## Exercise instructions
Copy out all the lines of the data precisely, omitting any pictures.
##### Records supplied
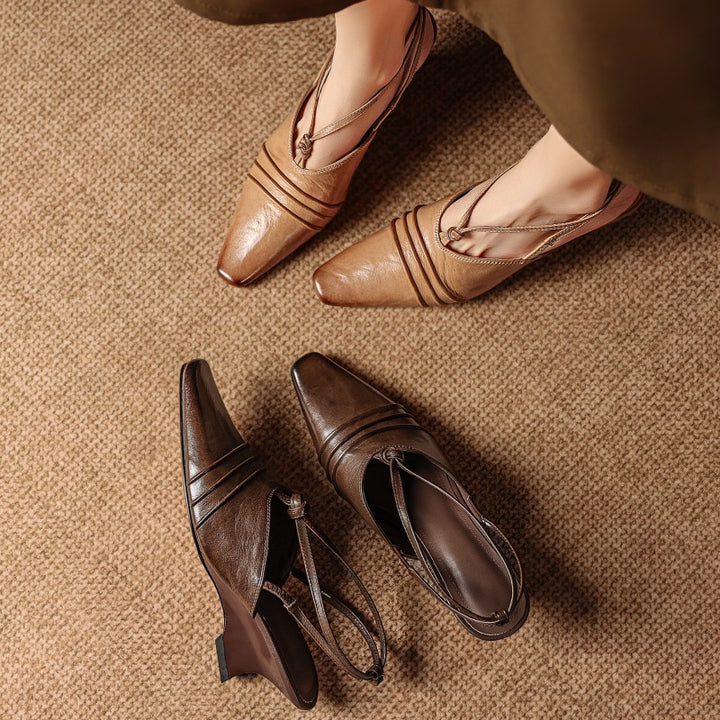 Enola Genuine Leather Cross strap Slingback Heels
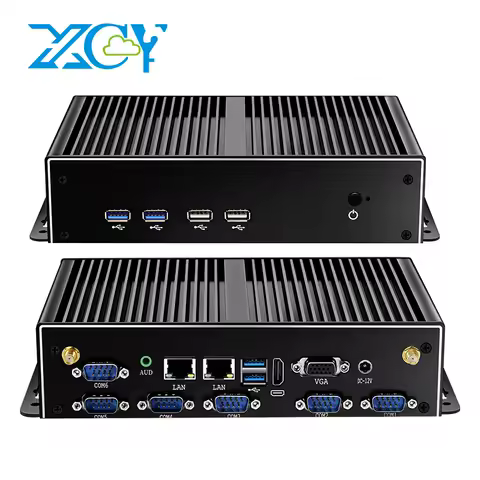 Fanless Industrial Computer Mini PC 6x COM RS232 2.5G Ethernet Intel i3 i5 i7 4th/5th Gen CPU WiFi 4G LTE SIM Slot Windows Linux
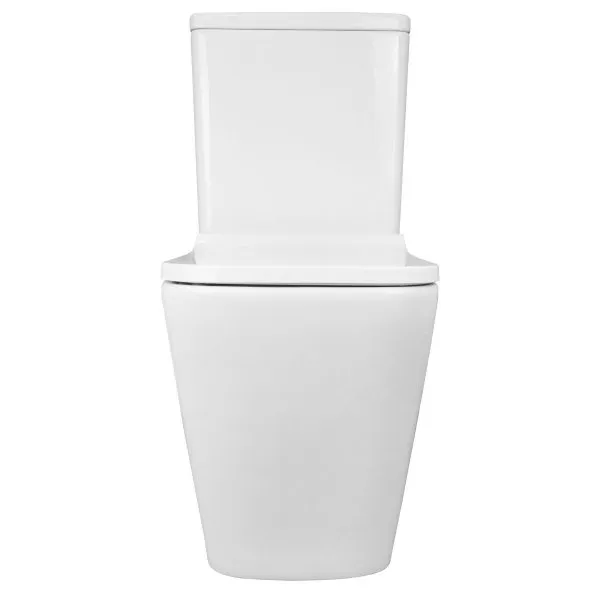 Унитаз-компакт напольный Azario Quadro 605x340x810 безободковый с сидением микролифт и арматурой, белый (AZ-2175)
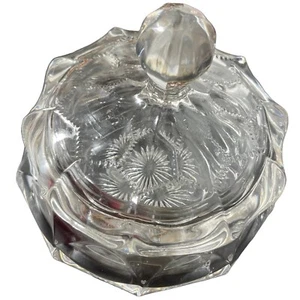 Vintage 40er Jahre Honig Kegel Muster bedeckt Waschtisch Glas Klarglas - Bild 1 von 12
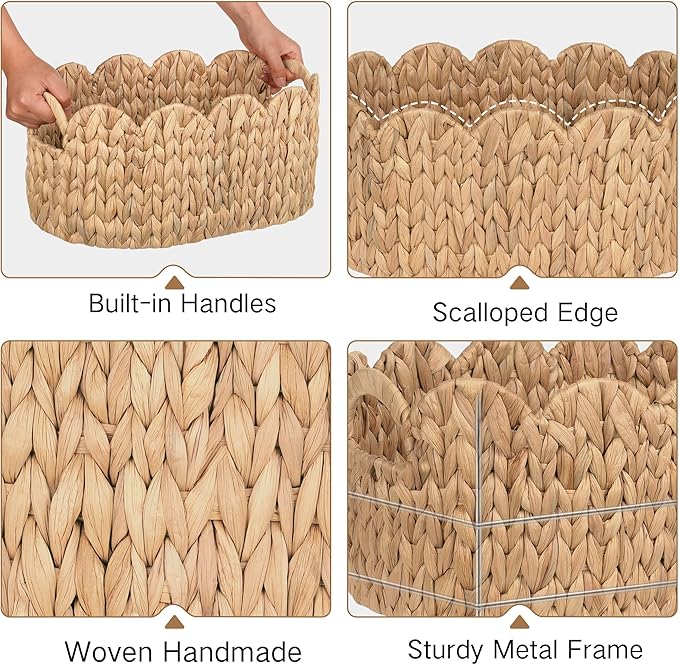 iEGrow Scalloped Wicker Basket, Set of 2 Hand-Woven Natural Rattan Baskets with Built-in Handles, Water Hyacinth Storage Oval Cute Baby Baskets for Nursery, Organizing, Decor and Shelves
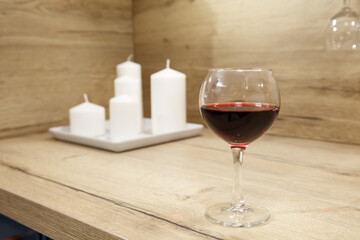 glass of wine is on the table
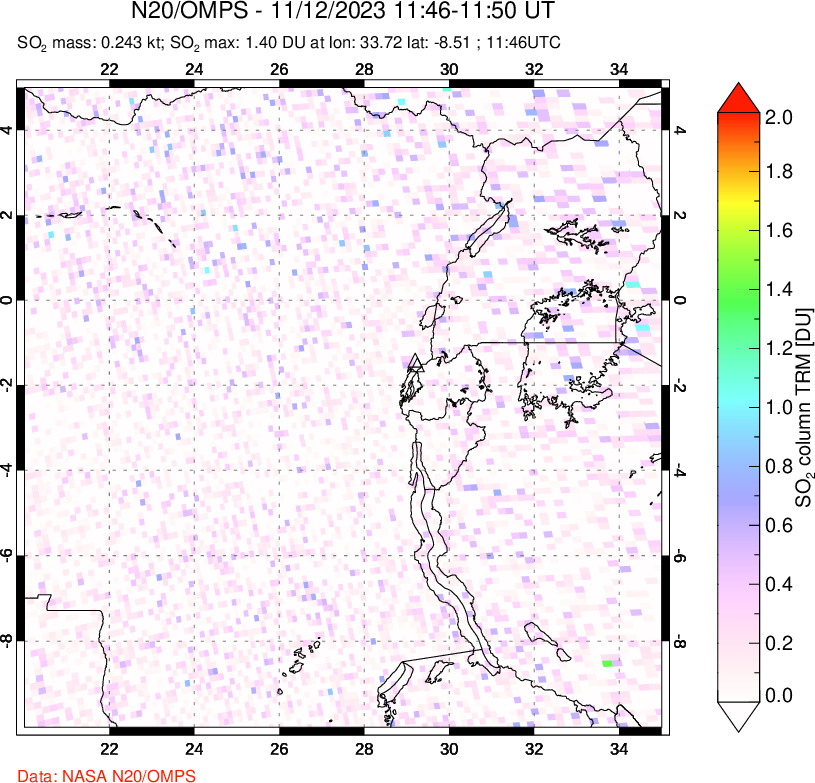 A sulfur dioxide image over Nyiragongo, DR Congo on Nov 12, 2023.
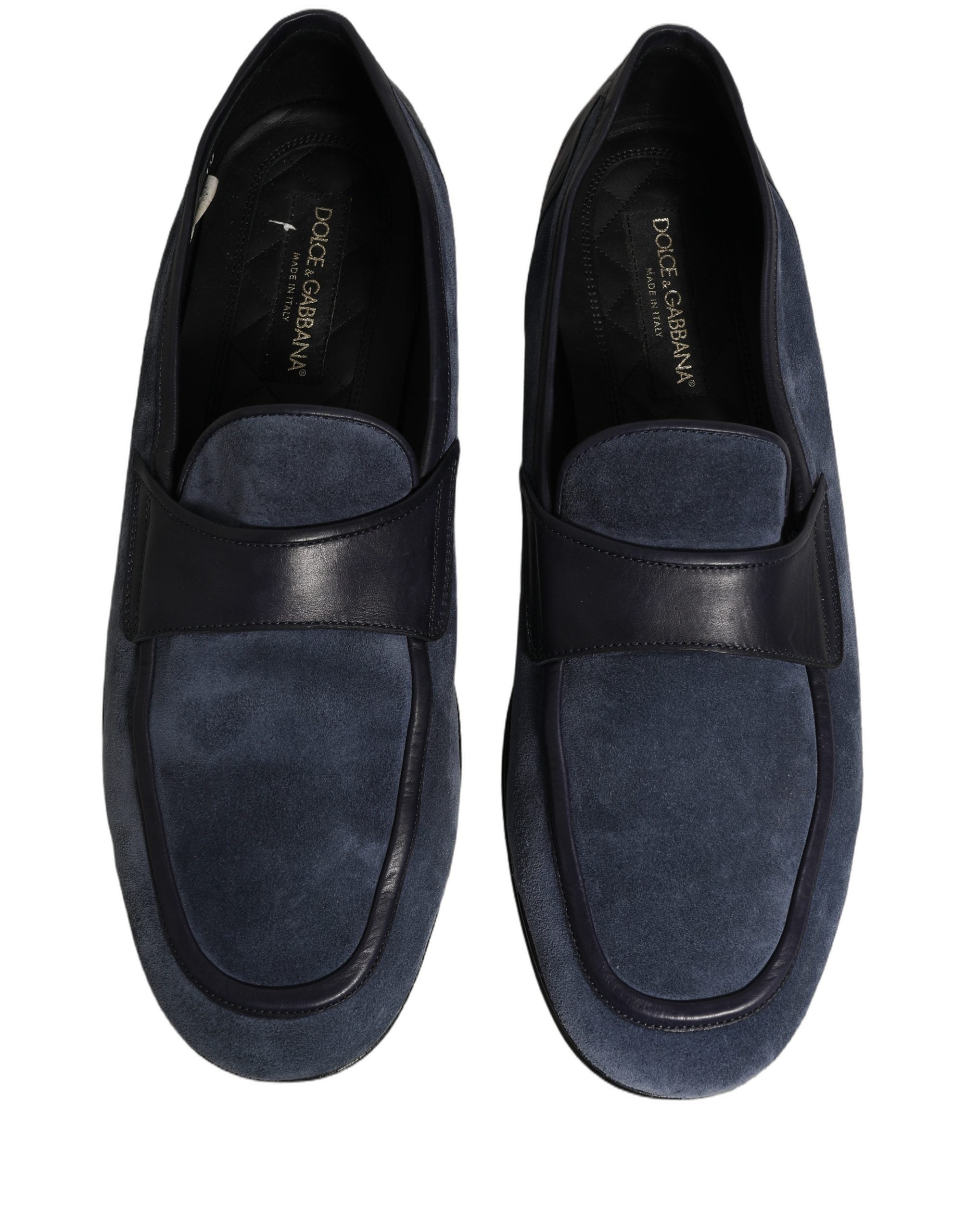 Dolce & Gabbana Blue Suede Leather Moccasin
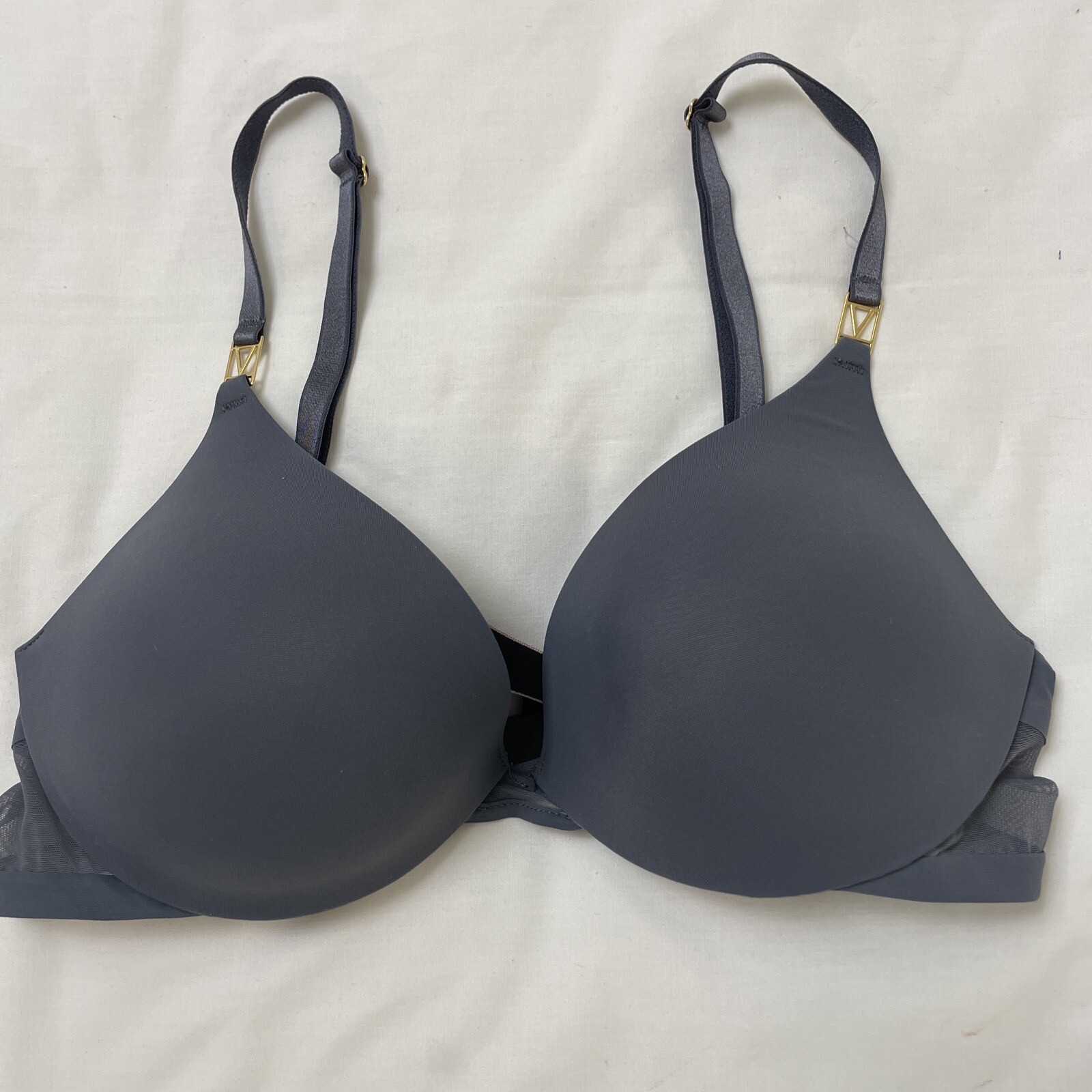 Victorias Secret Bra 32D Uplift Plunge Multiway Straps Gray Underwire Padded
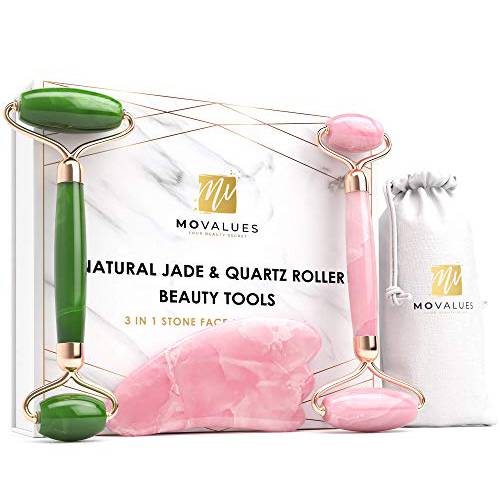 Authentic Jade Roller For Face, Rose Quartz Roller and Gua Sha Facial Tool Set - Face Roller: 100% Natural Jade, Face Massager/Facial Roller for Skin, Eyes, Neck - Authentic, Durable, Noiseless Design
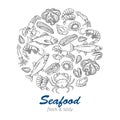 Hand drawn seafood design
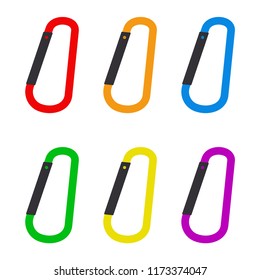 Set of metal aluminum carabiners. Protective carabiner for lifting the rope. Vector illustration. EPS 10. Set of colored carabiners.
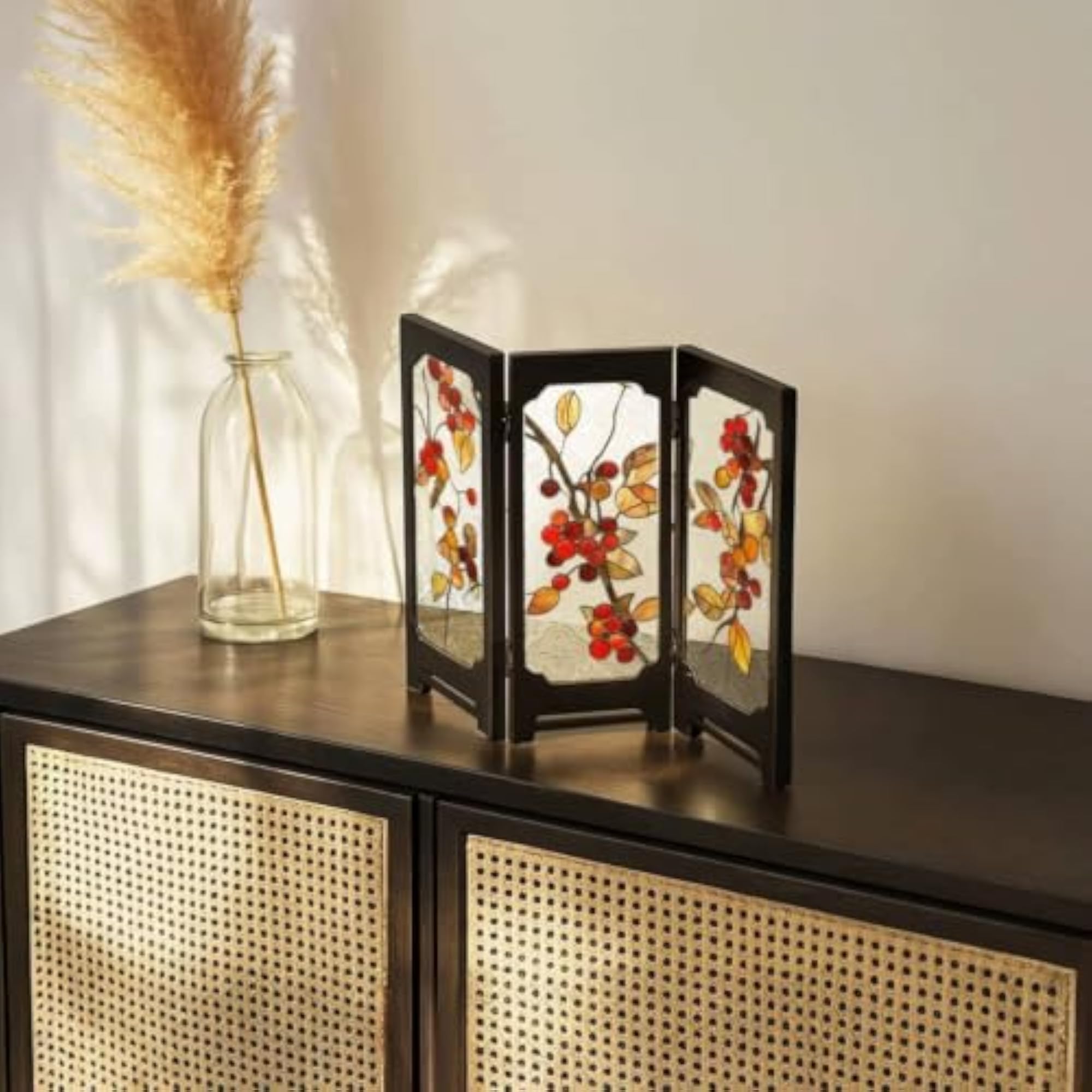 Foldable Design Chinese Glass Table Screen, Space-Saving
##########
## Task response
 Enola Genuine Leather Cross strap Slingback Heels
 Fanless Industrial Computer Mini PC 6x COM RS232 2.5G Ethernet Intel i3 i5 i7 4th/5th Gen CPU WiFi 4G LTE SIM Slot Windows Linux
 Унитаз-компакт напольный Azario Quadro 605x340x810 безободковый с сидением микролифт и арматурой, белый (AZ-2175)
 Vintage 40er Jahre Honig Kegel Muster bedeckt Waschtisch Glas Klarglas - Bild 1 von 12
 iEGrow Scalloped Wicker Basket, Set of 2 Hand-Woven Natural Rattan Baskets with Built-in Handles, Water Hyacinth Storage Oval Cute Baby Baskets for Nursery, Organizing, Decor and Shelves
 glass of wine is on the table
 A sulfur dioxide image over Nyiragongo, DR Congo on Nov 12, 2023.
 Dolce & Gabbana Blue Suede Leather Moccasin
 Victorias Secret Bra 32D Uplift Plunge Multiway Straps Gray Underwire Padded
 Authentic Jade Roller For Face, Rose Quartz Roller and Gua Sha Facial Tool Set - Face Roller: 100% Natural Jade, Face Massager/Facial Roller for Skin, Eyes, Neck - Authentic, Durable, Noiseless Design
 Hand drawn seafood design
 Set of metal aluminum carabiners. Protective carabiner for lifting the rope. Vector illustration. EPS 10. Set of colored carabiners.
 Foldable Design Chinese Glass Table Screen, Space-Saving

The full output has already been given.